● **Data provided**
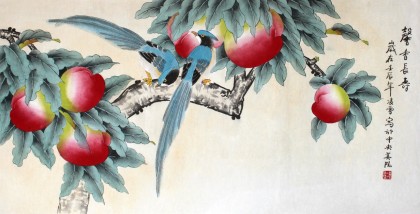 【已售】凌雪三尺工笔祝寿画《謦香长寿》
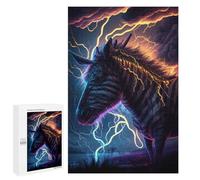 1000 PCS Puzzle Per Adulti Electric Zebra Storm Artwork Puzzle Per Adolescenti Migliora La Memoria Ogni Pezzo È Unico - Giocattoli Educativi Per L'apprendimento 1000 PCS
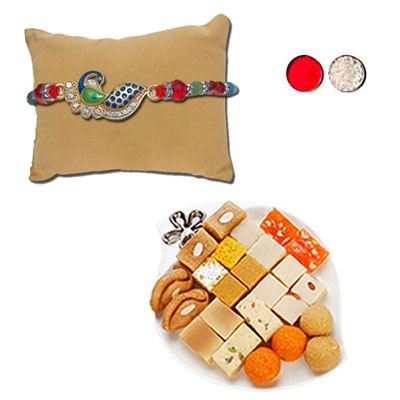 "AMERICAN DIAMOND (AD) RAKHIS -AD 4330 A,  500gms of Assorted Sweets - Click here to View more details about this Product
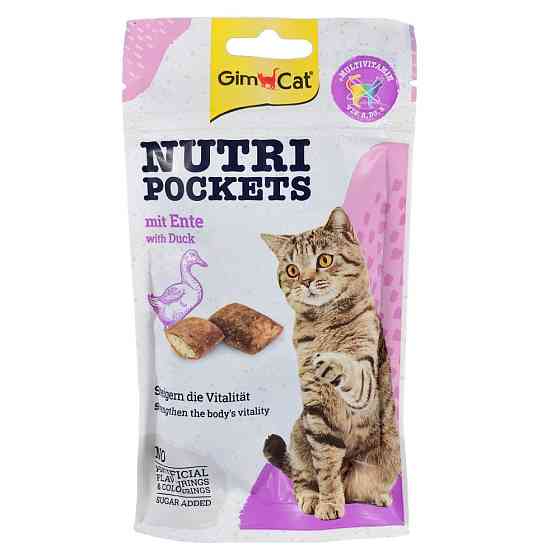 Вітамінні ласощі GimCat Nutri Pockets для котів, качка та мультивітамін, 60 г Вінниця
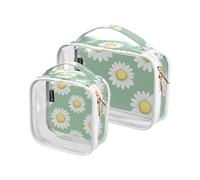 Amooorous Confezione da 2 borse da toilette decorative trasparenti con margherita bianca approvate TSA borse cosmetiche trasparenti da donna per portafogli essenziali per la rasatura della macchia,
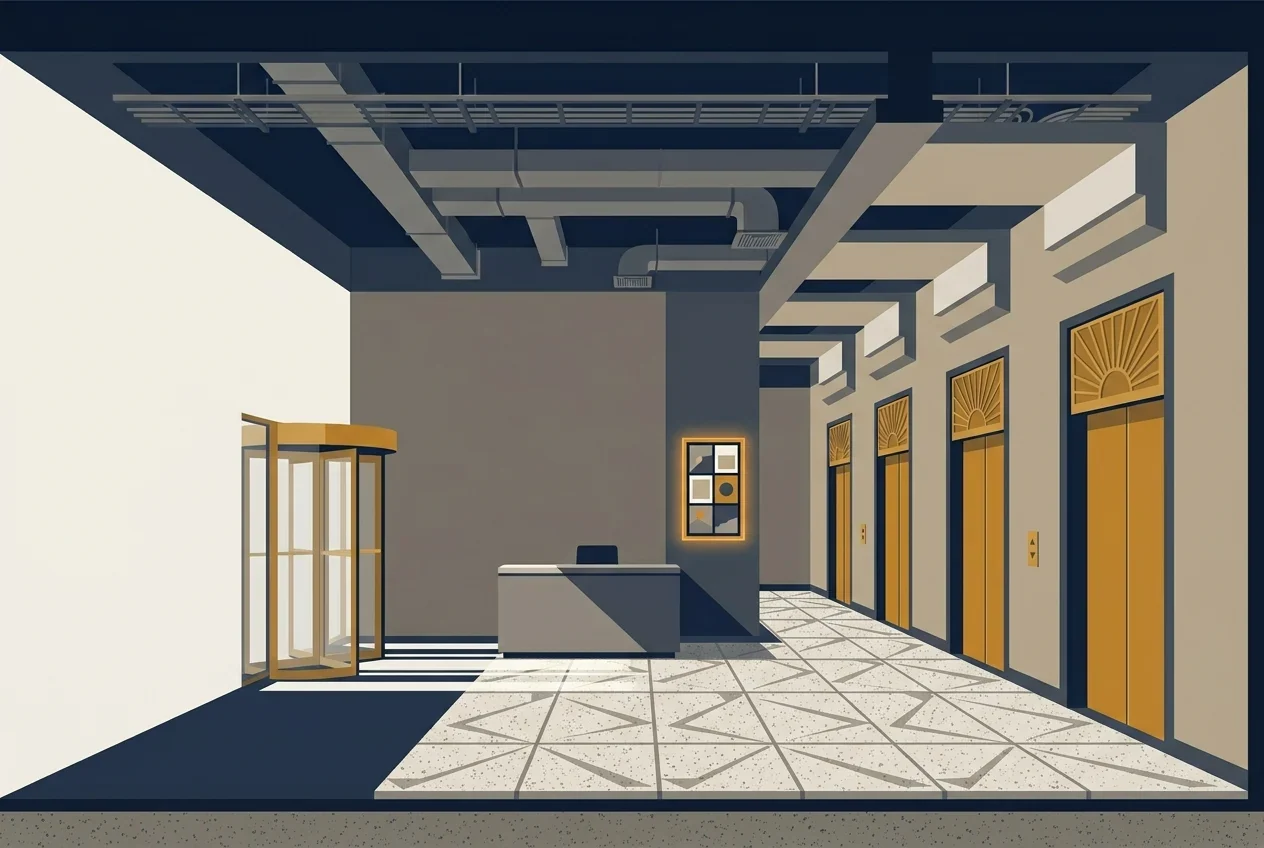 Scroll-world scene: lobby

● **Aim of the task**
Pictures stay out. Everything else in the listing gets printed exactly.

● **Exercise solution**
 【已售】凌雪三尺工笔祝寿画《謦香长寿》
 1000 PCS Puzzle Per Adulti Electric Zebra Storm Artwork Puzzle Per Adolescenti Migliora La Memoria Ogni Pezzo È Unico - Giocattoli Educativi Per L'apprendimento 1000 PCS
 "AMERICAN DIAMOND (AD) RAKHIS -AD 4330 A,  500gms of Assorted Sweets - Click here to View more details about this Product
 Вітамінні ласощі GimCat Nutri Pockets для котів, качка та мультивітамін, 60 г Вінниця
 Amooorous Confezione da 2 borse da toilette decorative trasparenti con margherita bianca approvate TSA borse cosmetiche trasparenti da donna per portafogli essenziali per la rasatura della macchia,
 Scroll-world scene: lobby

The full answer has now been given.